With help from this show, these artists will continue the task of setting their worlds aright. All works are for sale, with 75 percent of the proceeds going directly into the artist’s pocket and the other 25 percent going to cover the costs of putting on the exhibition and into a fund set up to buy or rent a space for artists’ studios.
The organizers hope to create a new artists’ center in Jacmel, a city of about 40,000 on Haiti’s southern coast that is home to most of the artists in the exhibit. Generally regarded as one of the country’s safest and most tranquil cities, before the quake Jacmel had become popular with tourists and known for its vibrant art scene.
Lucien, himself a native of Les Cayes, Haiti, had a connection with artists in Jacmel dating back to a 2002 visit to the city. Last April, he and another member from his organization visited Jacmel and met with 13 artists who told them of lost homes, lost art materials and lost buyers for their work when tourism ceased in Haiti.
Lucien and the assembly decided to help them get back to work by raising money to buy the supplies they needed. Through small fundraising efforts with other sympathetic organizations, they were able to raise about $2,500 and use it to buy materials and get them to Jacmel artists. From there, they set about creating opportunities for the artists to sell their work by putting on a series of exhibits in the Boston area.
Last fall, as they were planning the exhibits, a cholera outbreak hit Haiti, followed quickly by Hurricane Tomas, causing flooding that worsened the outbreak. Communications with the island nation became increasingly difficult, and the exhibit organizers began to fear that they wouldn’t be able to gather enough work.
But the artists of Jacmel came through. “Through phone calls or meetings between themselves, they provided ultimately 74 pieces, whereas early on we were expecting maybe 30 to 35 pieces as part of the exhibit,” Lucien said. He hopes the show will be a way to revitalize the art scene in Jacmel but also to help build human connections.
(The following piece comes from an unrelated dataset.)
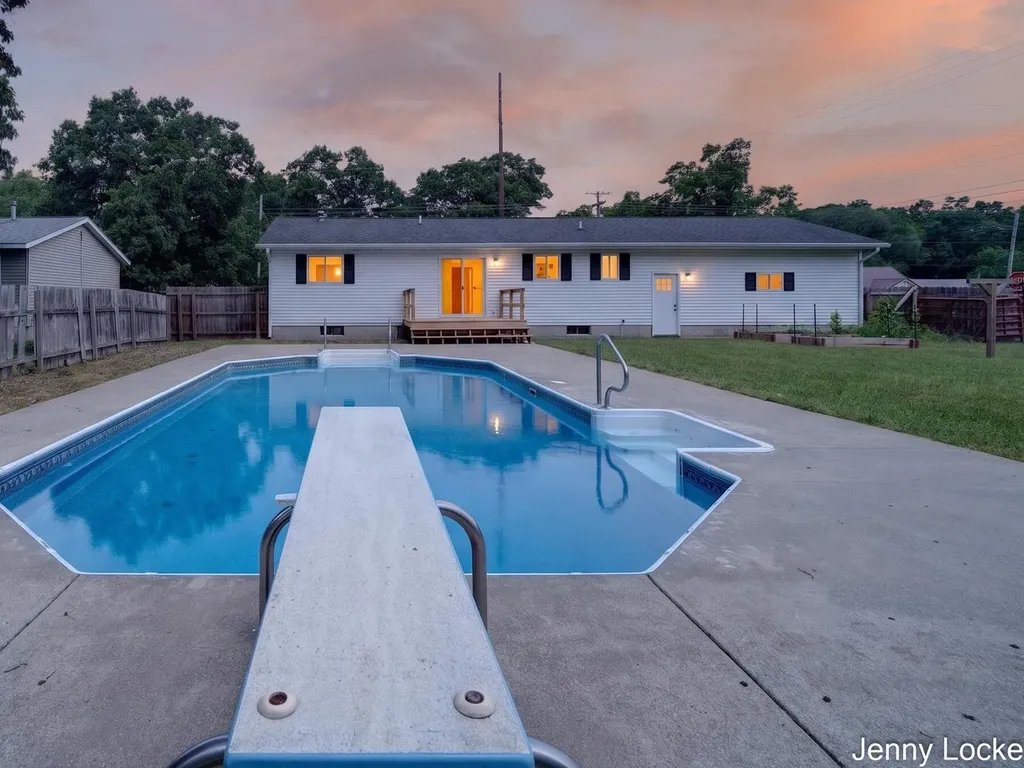 2391 Macarthur Road Muskegon Charter Township MI 49442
“Art is alive and well in Haiti but should also serve as a bridge between different communities and cultures, which is what is happening now between the artists in Jacmel and this art community in Massachusetts,” Lucien said. “I’m hoping that this will move beyond the arts community in Massachusetts to reach out to people who are not into art but are trying to find meaningful, concrete ways to support [Haiti].”
“When Our Brushes Shook” will remain on display at City Hall until the end of January. More work by artists from Jacmel is still arriving and will be on display in shows at Brockton Public Library, Brockton City Hall, the Cambridge Health Alliance, the Menino Arts Center, Lesley University and the National Center of Afro-American Artists through February and into the spring.
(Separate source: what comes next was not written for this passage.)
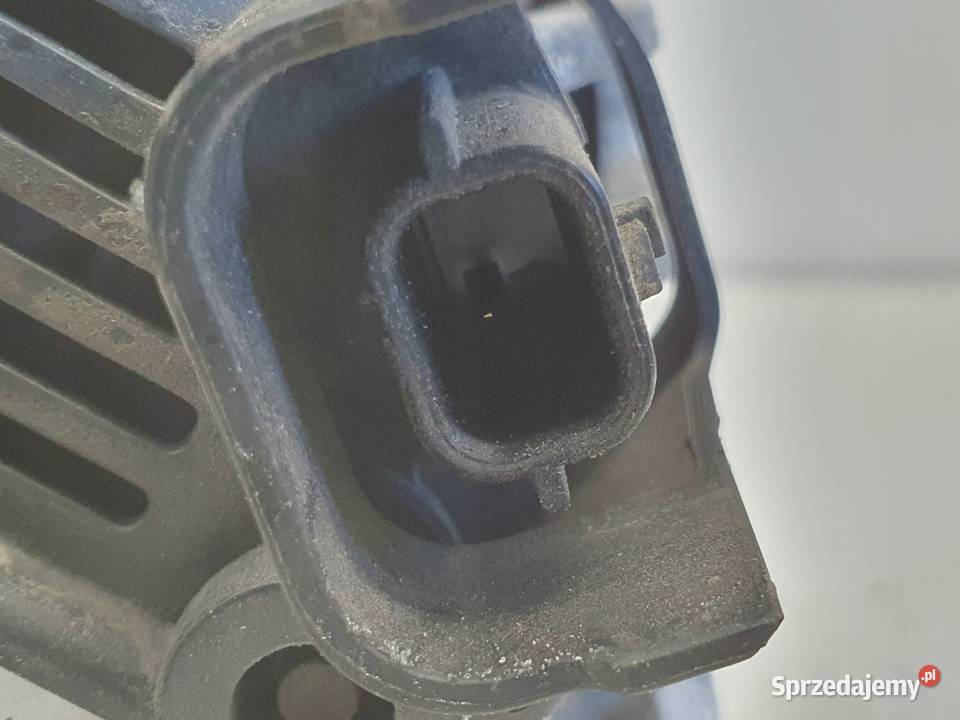 Renault Clio III 12 16V ALTERNATOR 8200654541C Janów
In conjunction with the exhibition at the Cambridge Hospital, there will be an “Arts Night for Haiti” fundraiser at the hospital at 5 p.m. on Thursday, Jan. 27. And three of the artists featured in the exhibit will appear with Governor Deval Patrick, other elected officials and representatives of the local Haitian immigrant community at “Haiti — A Year after the Earthquake: Reflections and Prayers” on the Grand Staircase at the Massachusetts State House at noon on Monday, Jan. 31.